On 3/22/2019 12:53 AM, Steven D'Aprano wrote:
On Thu, Mar 21, 2019 at 09:36:20PM -0400, Terry Reedy wrote:

I counted what I believe to be 10 instances of copy-update in the top
level of /lib.  Do either of you consider this to be enough that any
addition would be worthwhile.

I think you're referring to Guido and Antoine?

Yes, those were the two (core-devs) I quoted, and perhaps had missed my post, while you already thanked me for collecting some date.

But for what it's worth,
I think that's a good indication that there are uses for a merge
operator.

Some, yes. Enough for new syntax? What is a reasonable standard? Are there existing syntax features so sparsely used? What is the bar for something that adds no new function, but saves 6 chars and is easier to understand for at least some?

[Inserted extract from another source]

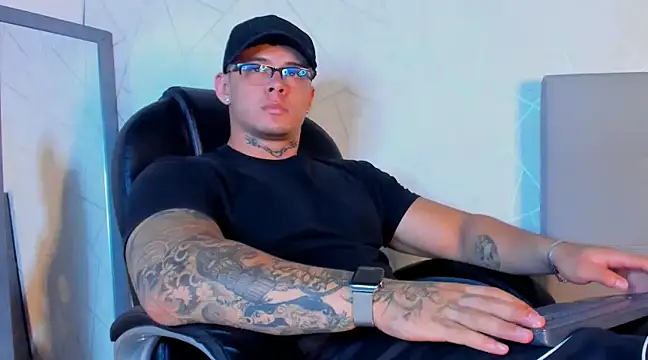 NoahhBrown online show from February 6, 3:06 am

In the past, 'Would this be used in the stdlib?' has been asked of feature proposals. But I never paid attention past == 0 or > 0. When Guido approved ':=', what threashhold of usefulness did he use? How many uses of ':=' does he anticipate, or consider enough to justify the addition?

There are 3 in idlelib that I plan to replace with {**a, **b} and be
done with the issue.  I did not check any other packages.

If a+b already worked for dicts, would you still prefer {**a, **b}?

Example: {**sys.modules, **globals()}

Aside from the fact that I can patch *and* backport to 3.7 *now*, I think so. The latter clearly (to me) maps mappings to a dict.

How about if it were spelled a|b?

As in sys.modules | globals() or (sys.modules | globals())?  Closer.